◆ What is being asked:
Each entry that follows should be set down precisely, with its pictures removed.

◆ Entries provided:
==================================================
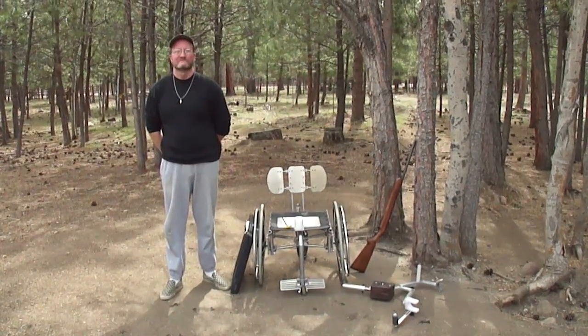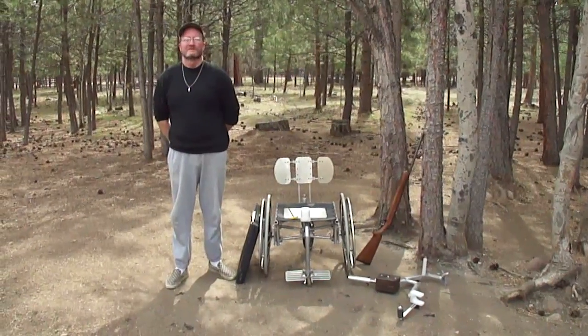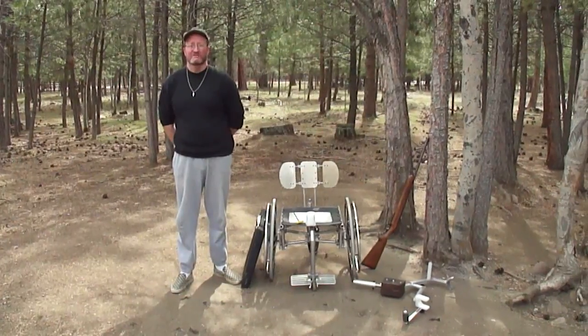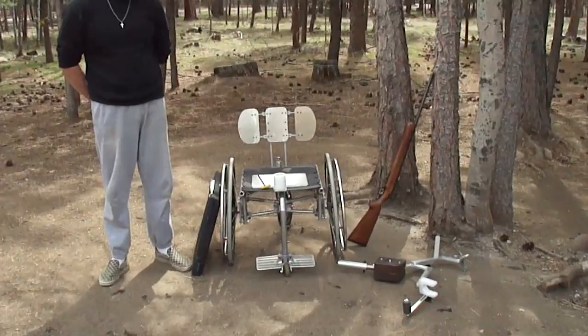We're here with Scott today. He's going to demonstrate one of his fantastic products. Go ahead, Scott. Hello, everybody. My name is Scott Brown, owner of Big Sky Imagination. And this is one of my inventions here, the rifle rest.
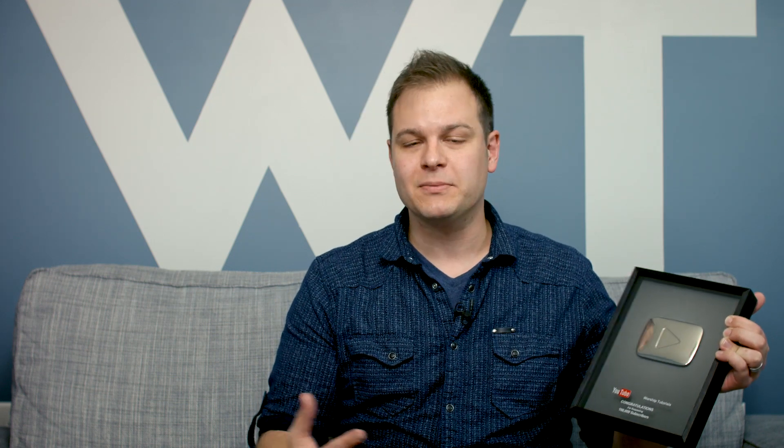Now YouTube gets this concept as well, and they give out these plaques to anyone who passes 100,000 subscribers. This is called a play button, and this thing is very cool. I had no idea — I knew that they gave these things out, but I really didn't know what to expect. And this is very nice. It's a framed — it's got like a plexiglass, plastic kind of cover. But that's a silver play button in there. It says, 'Congratulations, Worship Tutorials, for surpassing 100,000 subscribers.' And there was a letter that I received as well in the box with the play button.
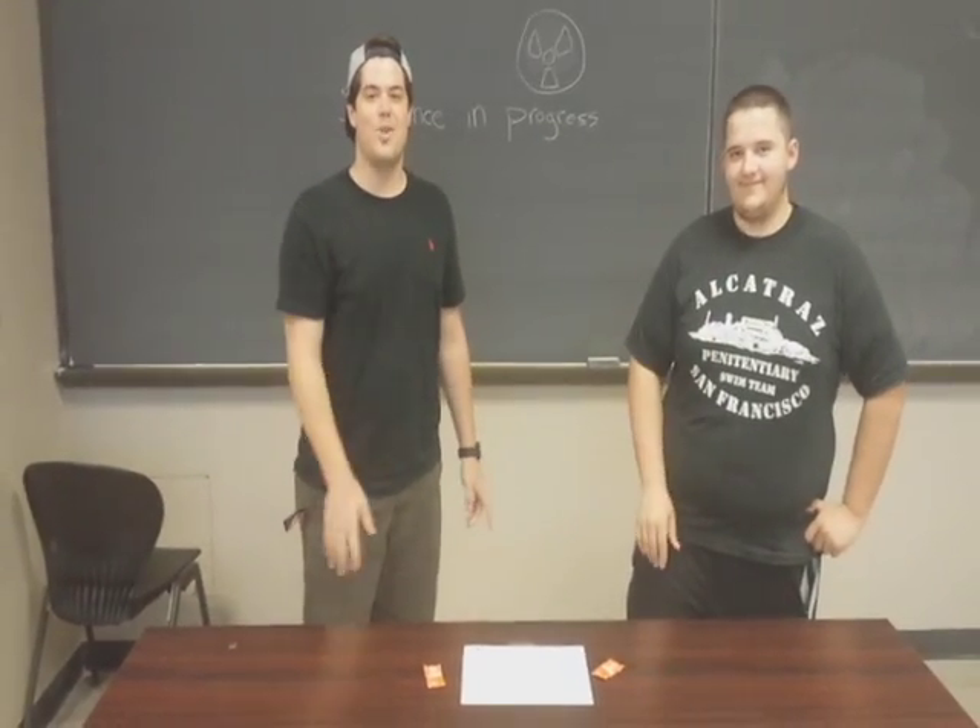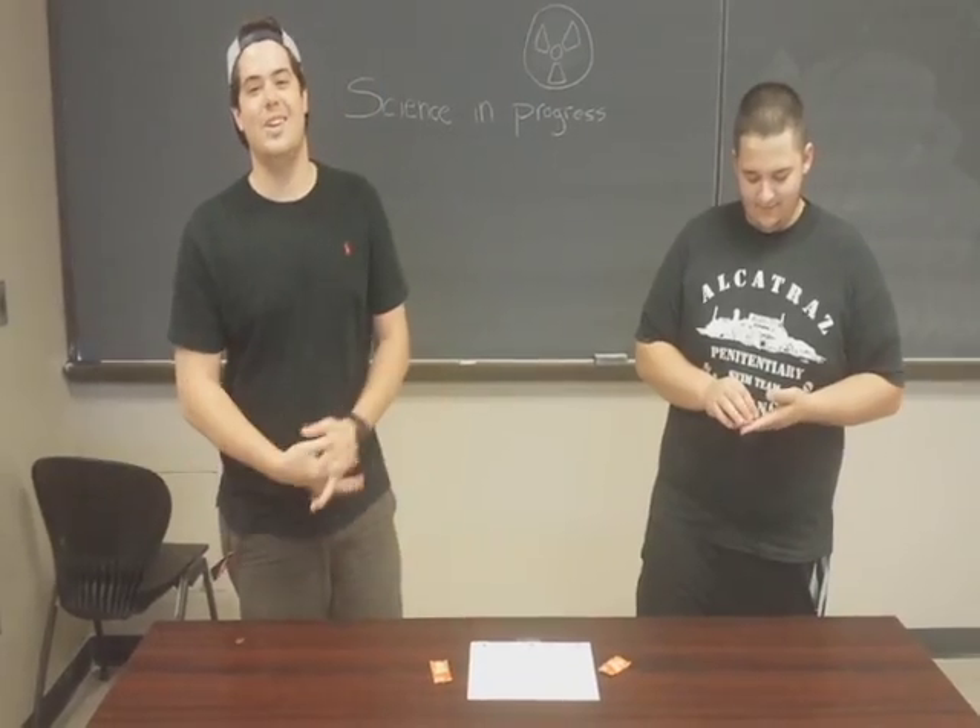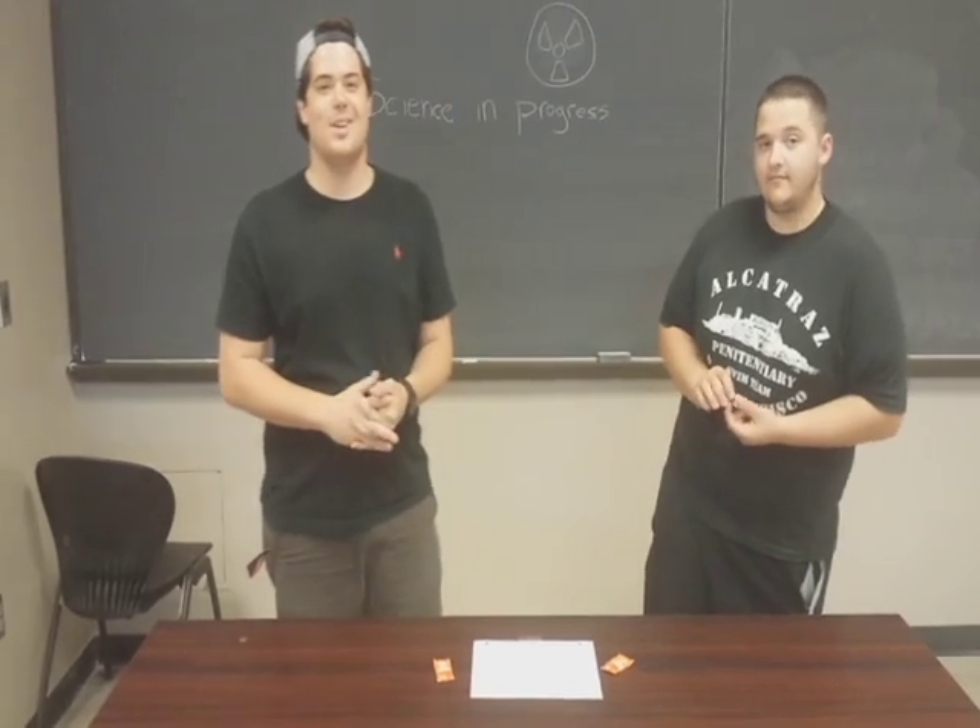Hi, I'm here with my friend Aaron, and we have a good friend Brandon recording for us. We're going to show you all the evil trick involving Taco Bell sauce and pennies.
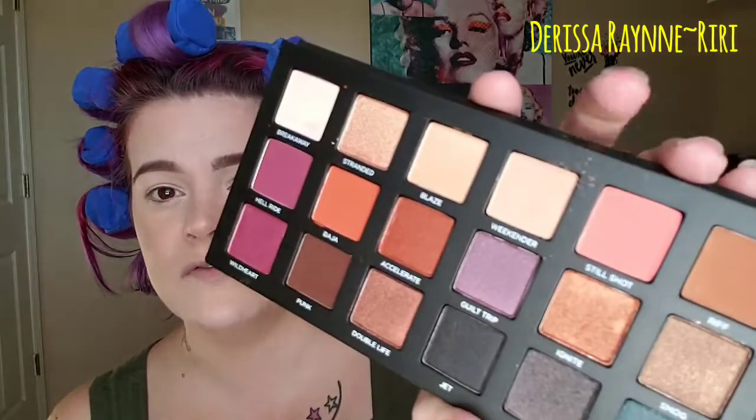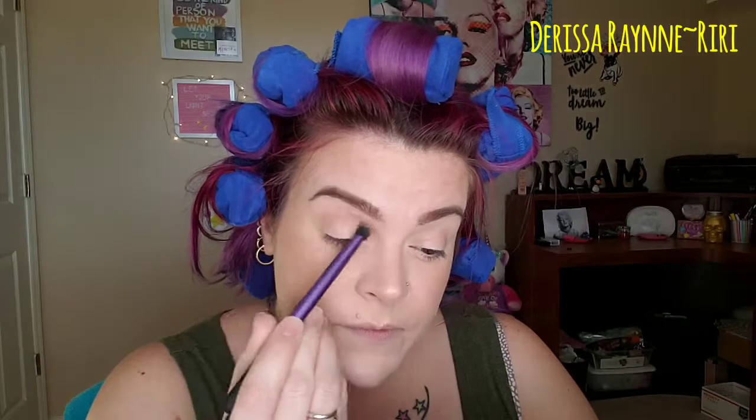This is gonna be a super super simple look that anybody at any skill level can do with pretty much any shadow. I'm going to go into Weekender first, which is just a creamy natural tone, using a Real Techniques fluffy blending brush. There is quite a bit of kickback in the palette but that doesn't bother me. I'm taking this just as a transition shade, very naturally into my crease, and I like to also bring it into the hollow of the eye.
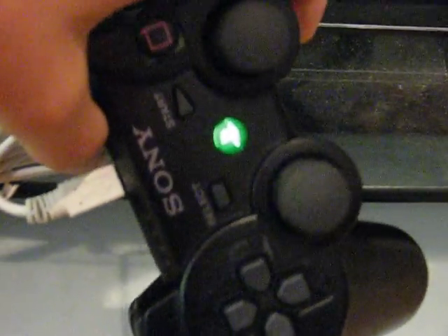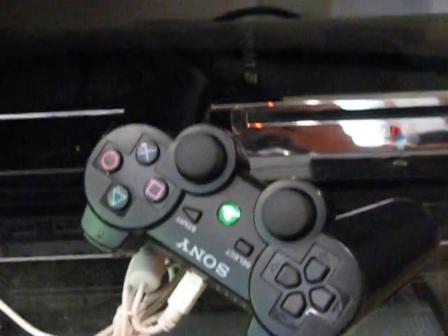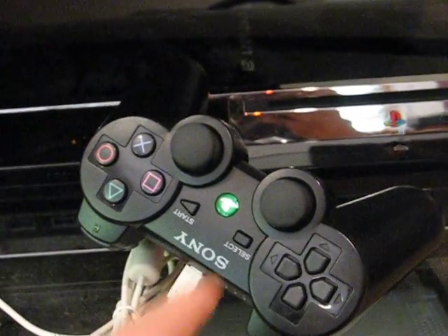You can find the instructions for this pretty much anywhere online. Don't have the center LED be a regular LED — just use an SMD LED. It's a little harder, but overall it's a lot cleaner and easier to put in.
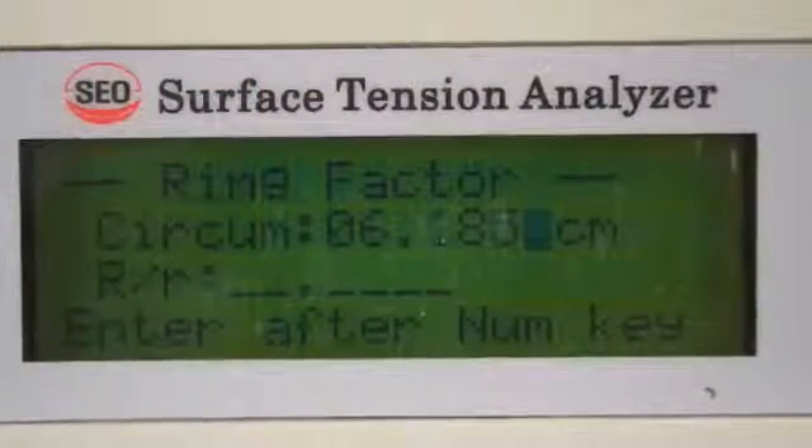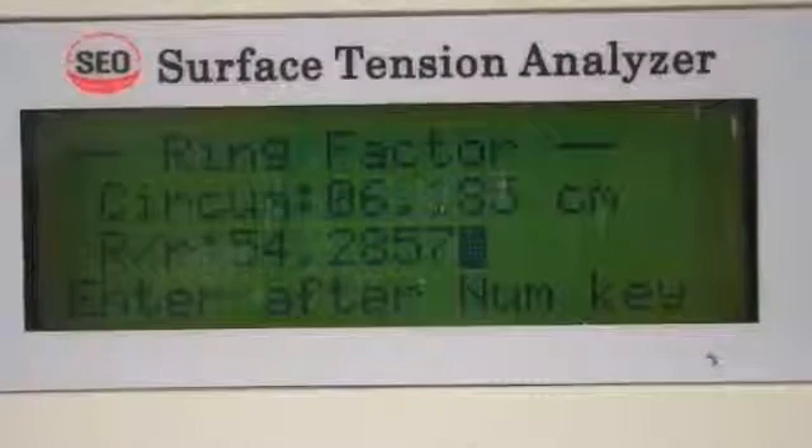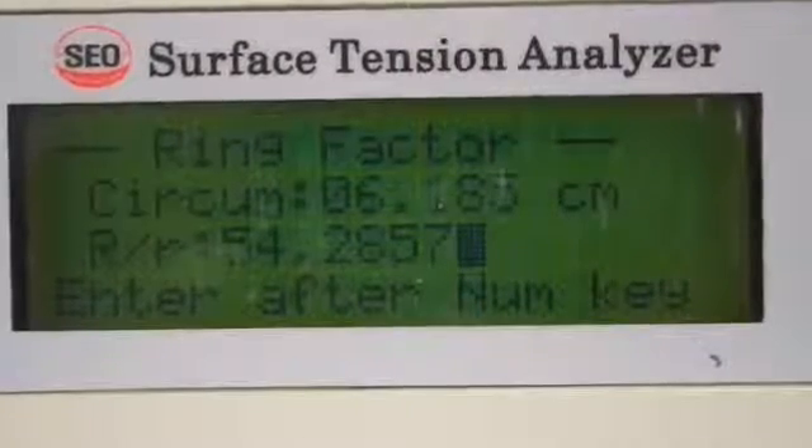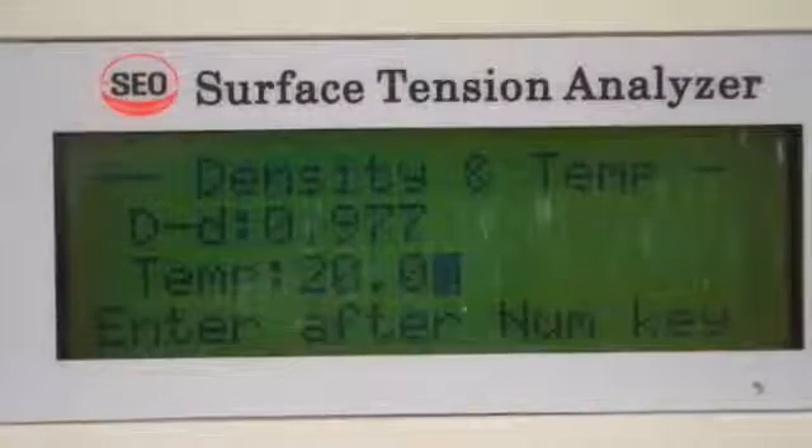Simply enter the circumference and press ENTER. Next, enter the R-factor and press ENTER. Next, depending on the liquid surface being tested, enter the density and press ENTER. Enter the temperature in Celsius and press ENTER.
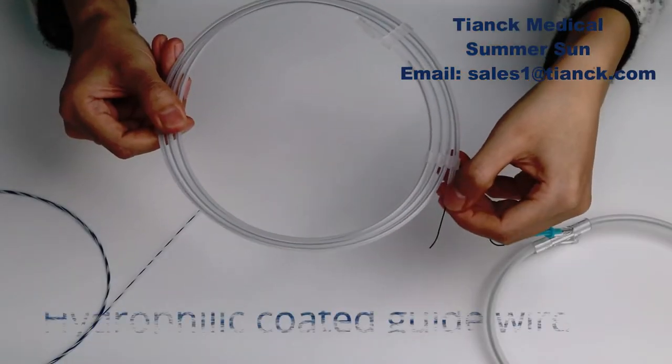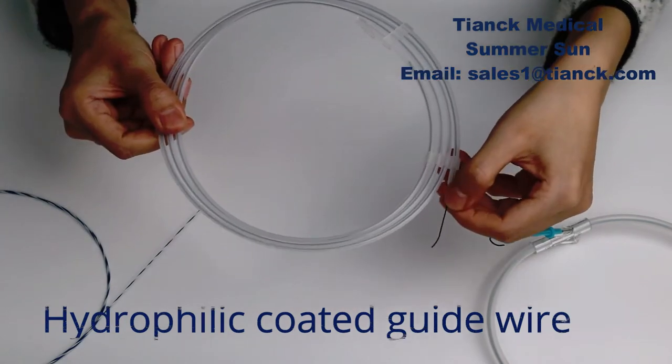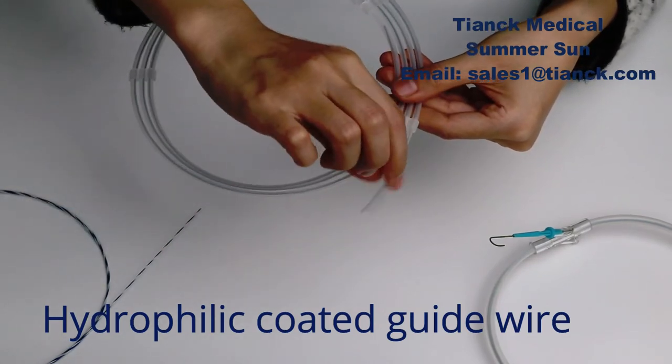Hydrophilic guide wire is a guide wire coated with hydrophilic polymer. It attracts water, making the delivery smoother but with less tactile sensation. The tip is soft, effectively avoiding tissue damage. The shaft can provide strong support.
==================================================
◆ Your solution:
We're here with Scott today. He's going to demonstrate one of his fantastic products. Go ahead, Scott. Hello, everybody. My name is Scott Brown, owner of Big Sky Imagination. And this is one of my inventions here, the rifle rest.
Now YouTube gets this concept as well, and they give out these plaques to anyone who passes 100,000 subscribers. This is called a play button, and this thing is very cool. I had no idea — I knew that they gave these things out, but I really didn't know what to expect. And this is very nice. It's a framed — it's got like a plexiglass, plastic kind of cover. But that's a silver play button in there. It says, 'Congratulations, Worship Tutorials, for surpassing 100,000 subscribers.' And there was a letter that I received as well in the box with the play button.
Hi, I'm here with my friend Aaron, and we have a good friend Brandon recording for us. We're going to show you all the evil trick involving Taco Bell sauce and pennies.
This is gonna be a super super simple look that anybody at any skill level can do with pretty much any shadow. I'm going to go into Weekender first, which is just a creamy natural tone, using a Real Techniques fluffy blending brush. There is quite a bit of kickback in the palette but that doesn't bother me. I'm taking this just as a transition shade, very naturally into my crease, and I like to also bring it into the hollow of the eye.
You can find the instructions for this pretty much anywhere online. Don't have the center LED be a regular LED — just use an SMD LED. It's a little harder, but overall it's a lot cleaner and easier to put in.
Simply enter the circumference and press ENTER. Next, enter the R-factor and press ENTER. Next, depending on the liquid surface being tested, enter the density and press ENTER. Enter the temperature in Celsius and press ENTER.
Hydrophilic guide wire is a guide wire coated with hydrophilic polymer. It attracts water, making the delivery smoother but with less tactile sensation. The tip is soft, effectively avoiding tissue damage. The shaft can provide strong support.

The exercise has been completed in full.